Nach Millionen von Opfern, nach zwei Weltkriegen hat uns das letzte Jahrzehnt dieses Jahrhunderts hoffnungsvolle Perspektiven eröffnet. Zugleich machen uns jedoch neue Konflikte neue Gefahren bewusst gemacht - in Europa wie darüber hinaus. Politische und militärische Allmachtsphantasien, Gewaltbereitschaft, systematische Menschenrechts-verletzungen, Rassenwahn und Völkerhaß sind keineswegs von unserem Globus verschwunden. In ihrem Gedicht "Haß" warnt Wislawa Szymborska eindringlich davor, uns in falscher Sicherheit zu wiegen. Dort heißt es:
"Seht her, (...) wie gut er sich hält in unserem Jahrhundert, der Haß. (...) Die Ursachen, die ihn am Leben halten, gebiert er selbst. Schläft er ein, dann nie für ewig (...) Zu neuer Mission ist er allzeit bereit. Wenn er warten muss, wartet er. Blind sei er, sagt man. Blind? Er hat ein Scharfschützenauge und zielt verwegen in die Zukunft - er allein." Das schreckliche Morden und die grausamen ethnischen Vertreibungen im ehemaligen Jugoslawien, zuletzt im Kosovo, haben gezeigt, dass der Haß lebendig ist. So lange immer noch Menschen glauben, politische, wirtschaftliche, ethnische oder religiöse Konflikte mit Waffengewalt lösen zu können, so lange muss die Arbeit für den Frieden weitergehen.
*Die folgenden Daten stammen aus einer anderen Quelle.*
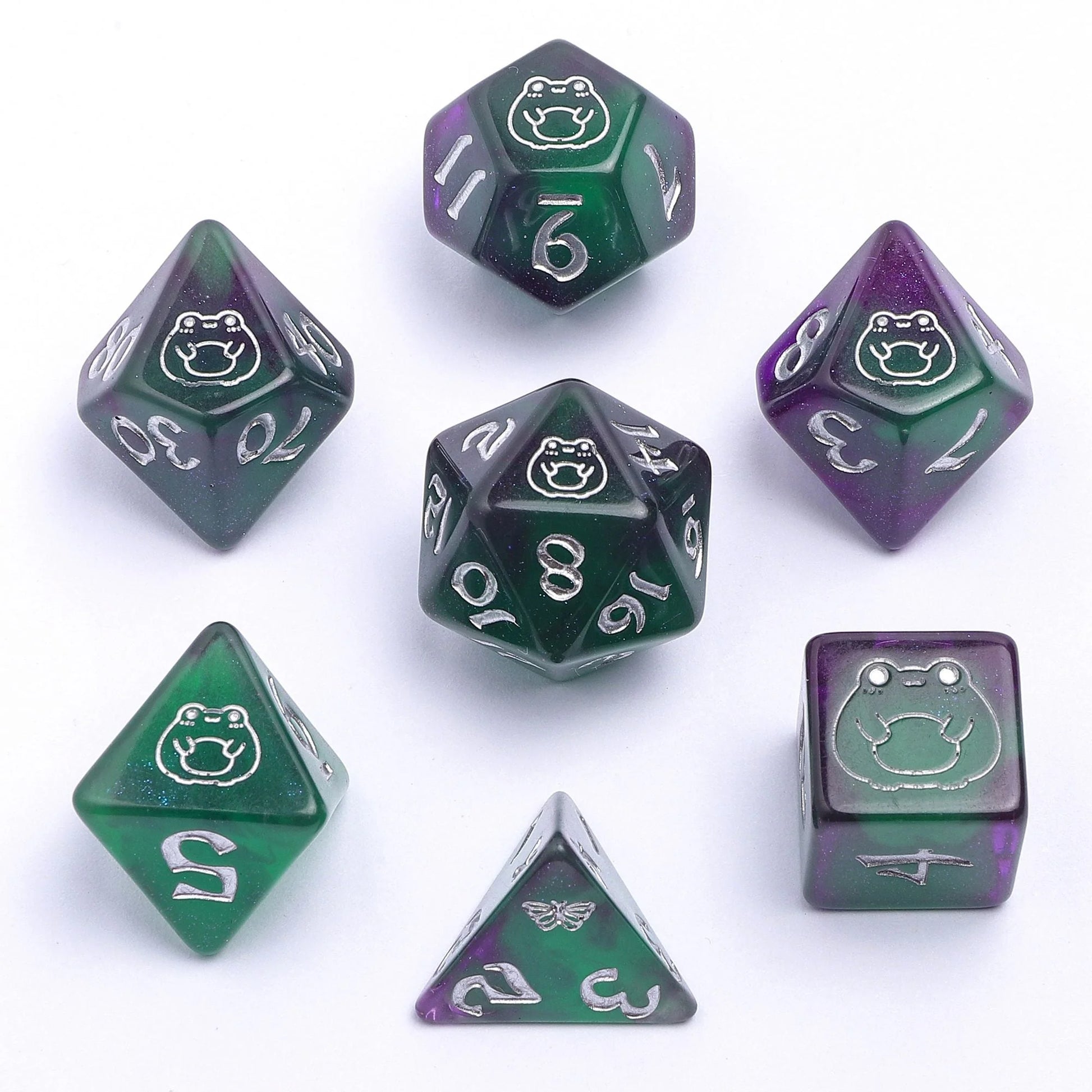 Wyrmforged Rollers Bog Frog Silver Glow in the Dark Dice Set - 7-Piece Rounded Resin Polyhedral - Hyngho Dice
Sie beginnt mit jenem aktiven Gedenken, das der "Volksbund Deutsche Kriegsgräberfürsorge" seit nunmehr acht Jahrzehnten praktiziert und fördert. Über Grenzen hinweg leisten sie in Seminaren, Schulprojekten, Begegnungen, Gesprächen und der gemeinsamen Gräberpflege europäische und internationale Jugendarbeit. Über die Vergegenwärtigung des Grauens zweier Weltkriege wird der Friedensgedanke lebendig weitervermittelt und zugleich die kulturelle Verständigung zwischen den Völkern gefördert. Deshalb wünsche ich dem "Volksbund" in Respekt und Dankbarkeit zum 80jährigen Bestehen noch viele Geburtstagsfeiern. Solche Friedensarbeit wird gebraucht. Mit ihr kann aus dem unermeßlichem Leid dieses Jahrhunderts dauerhafter Frieden zwischen den Völkern unserer 'einen Welt' erwachsen. Das ist die Hoffnung und der Auftrag des Volkstrauertages!